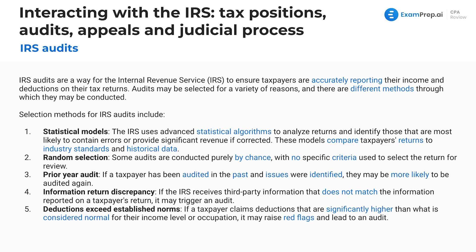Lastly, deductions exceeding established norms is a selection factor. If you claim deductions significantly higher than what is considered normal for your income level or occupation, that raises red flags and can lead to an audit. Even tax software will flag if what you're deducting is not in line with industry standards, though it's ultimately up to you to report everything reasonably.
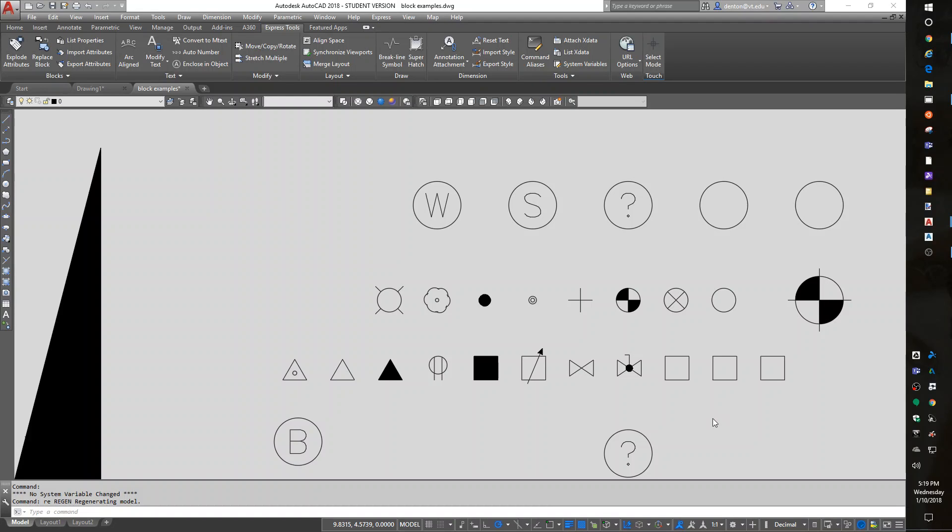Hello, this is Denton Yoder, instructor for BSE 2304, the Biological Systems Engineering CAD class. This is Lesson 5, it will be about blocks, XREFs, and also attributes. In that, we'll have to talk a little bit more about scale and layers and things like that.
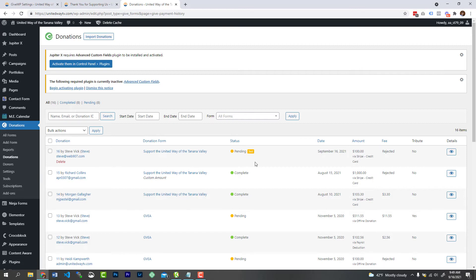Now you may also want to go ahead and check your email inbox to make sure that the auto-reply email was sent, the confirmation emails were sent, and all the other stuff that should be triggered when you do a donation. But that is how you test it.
------------------------------------------------
- **Instructions to follow**:
Please take the lines from the beginning of the data above through the line holding "Hello, this is" and transcribe them exactly, without any pictures.

- **Task response**:
Lastly, deductions exceeding established norms is a selection factor. If you claim deductions significantly higher than what is considered normal for your income level or occupation, that raises red flags and can lead to an audit. Even tax software will flag if what you're deducting is not in line with industry standards, though it's ultimately up to you to report everything reasonably.
Hello, this is Denton Yoder, instructor for BSE 2304, the Biological Systems Engineering CAD class. This is Lesson 5, it will be about blocks, XREFs, and also attributes. In that, we'll have to talk a little bit more about scale and layers and things like that.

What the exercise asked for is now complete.